Удивленный и грустный, он обволакивался небесною ночью и
многолетней усталостью. Во сне он не видел себя и, если б
увидел, испугался: на лавке спал старый, истощенный человек, с
глубокими мученическими морщинами на чужом лице, -- человек,
всю жизнь не сделавший себе никакого блага. Не существует
перехода от ясного сознания к сновидению -- во сне продолжается
та же жизнь, но в обнаженном смысле. Второй раз увидел Копенкин
свою давно умершую мать -- в первый раз она снилась ему перед
женитьбой: мать уходила по грязной полевой дороге; спина ее
была так худа, что сквозь сальную кофту, пропахшую щами и
детьми, проступали кости ребер и позвоночника; мать уходила,
нагнувшись, ни в чем не упрекая сына. Копенкин знал, что там,
куда она пошла, у нее ничего нет, и побежал в обход по балке,
чтобы построить ей курень. Где-то под лесом живали в теплое
время огородники и бахчеводы, и Копенкин думал поставить курень
матери именно там, чтобы мать нашла себе в лесу другого отца и
нового сына.
Сегодня мать приснилась Копенкину с обыкновенным горюющим
лицом -- она утирала себе концом платочка, чтобы не пачкать его
весь, сморщенные слезницы глаз и говорила -- маленькая и
иссохшая перед выросшим сыном:
-- Опять себе шлюшку нашел, Степушка. Опять мать оставил
одну -- людям на обиду. Бог с тобой.
Мать прощала, потому что потеряла материнскую силу над
сыном, рожденным из ее же крови и окаянно отступившим от
матери.
Копенкин любил мать и Розу одинаково, потому что мать и Роза
было одно и то же первое существо для него, как прошлое и
будущее живут в одной его жизни. Он не понимал, как это есть,
но чувствовал, что Роза -- продолжение его детства и матери, а
не обида старушки.
И Копенкин зашелся сердцем, что мать ругает Розу.
-- Мама, она тоже умерла, как и ты, -- сказал Копенкин,
жалея беспомощность материнского зла.
Старуха отняла платок -- она и не плакала.
-- И-и, сынок, ты их только слушай! -- засплетничала мать.
-- Она тебе и скажет и повернется -- все под стать, а женишься
-- спать не с кем: кости да кожа, а на шее рожа. Вот она,
присуха твоя, поступочкой идет: у, подлая, обвела малого!..
По улице шла Роза -- маленькая, живая, настоящая, с черными
грустными глазами, как на картине в сельсовете. Копенкин забыл
мать и прошиб стекло -- для лучшего наблюдения Розы. За стеклом
была деревенская летняя улица -- пустая и скучная, как во всех
деревнях в засуху и жару, а Розы не было. Из переулка вылетела
курица и побежала по колее, растопырив пылящие крылья.
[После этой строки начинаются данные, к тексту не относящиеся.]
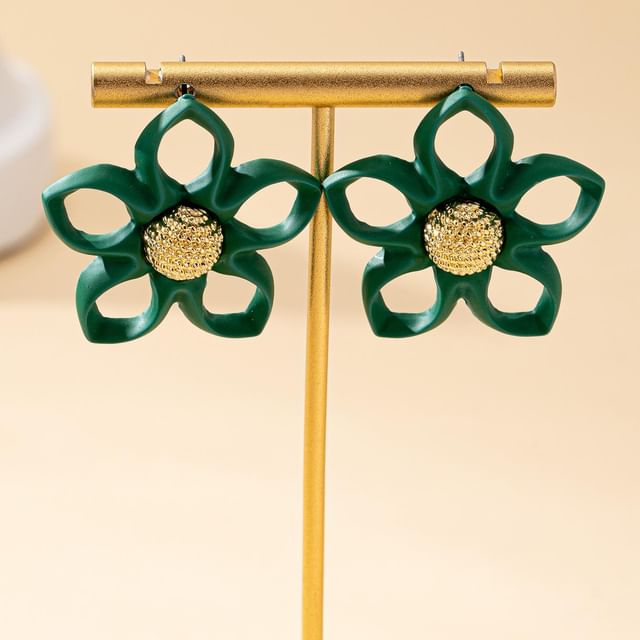 Stud Floral Alloy Earring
Вслед за
ней вышли оглядывающиеся люди, а потом другие люди понесли
некрашеный дешевый гроб, в каких хоронят на общественные
средства безвестных людей, не помнящих родства.
В гробу лежала Роза -- с лицом в желтых пятнах, что бывает у
неблагополучных рожениц. В черноте ее волос вековала неженская
седина, а глаза засосались под лоб в усталом отречении ото всех
живых. Ей никого не нужно, и мужикам, которые ее несли, она
тоже была немила. Носильщики трудились только из общественной
повинности, в порядке подворной очереди.
Копенкин вглядывался и не верил: в гробу лежала не та,
которую он знал, -- у той было зрение и ресницы. Чем ближе
подносили Розу, тем больше темнело ее старинное лицо, не
видевшее ничего, кроме ближних сел и нужды.
-- Вы мать мою хороните! -- крикнул Копенкин.
-- Нет, она немужняя жена! -- без всякой грусти сказал
мужик и поправил полотенце на плече. -- Она, видишь ты, не
могла в другом селе помереть, в аккурат у нас скончалась: не
все ей равно было...
Мужик считал свой труд. Это Копенкин сразу понял и успокоил
подневольных людей:
-- Как засыпете ее, приходите -- я поднесу.
-- Можно, -- ответил тот же крестьянин. -- На сухую
хоронить грешно. Теперь она раба божья, а все одно неподъемная,
аж плечи режет.
Копенкин лежал на лавке и ждал возвращения мужиков с
кладбища. Откуда-то дуло холодом. Копенкин встал, чтобы
заложить разбитое стекло, но все окна были невредимы. Дуло от
утреннего ветра, а на дворе давно ржал непоеный конь
Пролетарская Сила. Копенкин оправил на себе одежду, икнул и
вышел на воздух. Журавль колодца у соседей нагибался за водой;
молодая баба за плетнем ласкала корову, чтобы лучше ее выдоить,
и нежно говорила грудным голосом:
-- Машка, Машенька, ну, не топырься, не гнушайся, свят
прилипнет, грех отлипнет...
С левой стороны кричал, оправляя с порога нужду, босой
человек своему невидимому сыну:
-- Васька, веди кобылу поить!
-- Сам пей, она поеная!
-- Васька, пшено иди толки, а то ступкой по башке шкрыкну.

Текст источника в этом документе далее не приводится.